Work instruction → Return each line exactly, beginning with the one that has "七日世界密藏点地图全部位置大全图片21" and finishing with the final line of the material. Drop any pictures.

Given data →
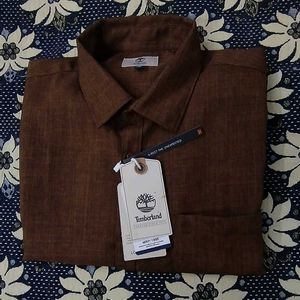 International Brand Timberland Original Rare Piece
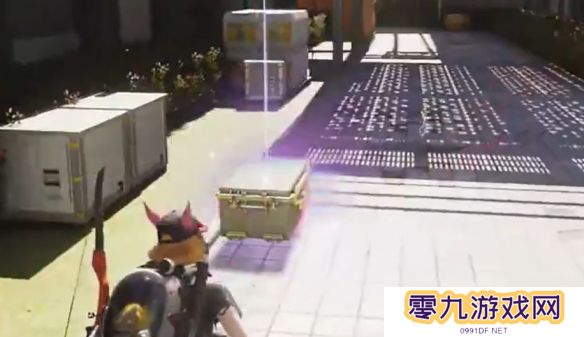 七日世界密藏点地图全部位置大全图片21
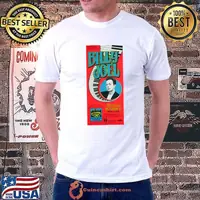 Billy Joel monday october 1994 concert announcement T-Shirt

Response to the task →
 七日世界密藏点地图全部位置大全图片21
 Billy Joel monday october 1994 concert announcement T-Shirt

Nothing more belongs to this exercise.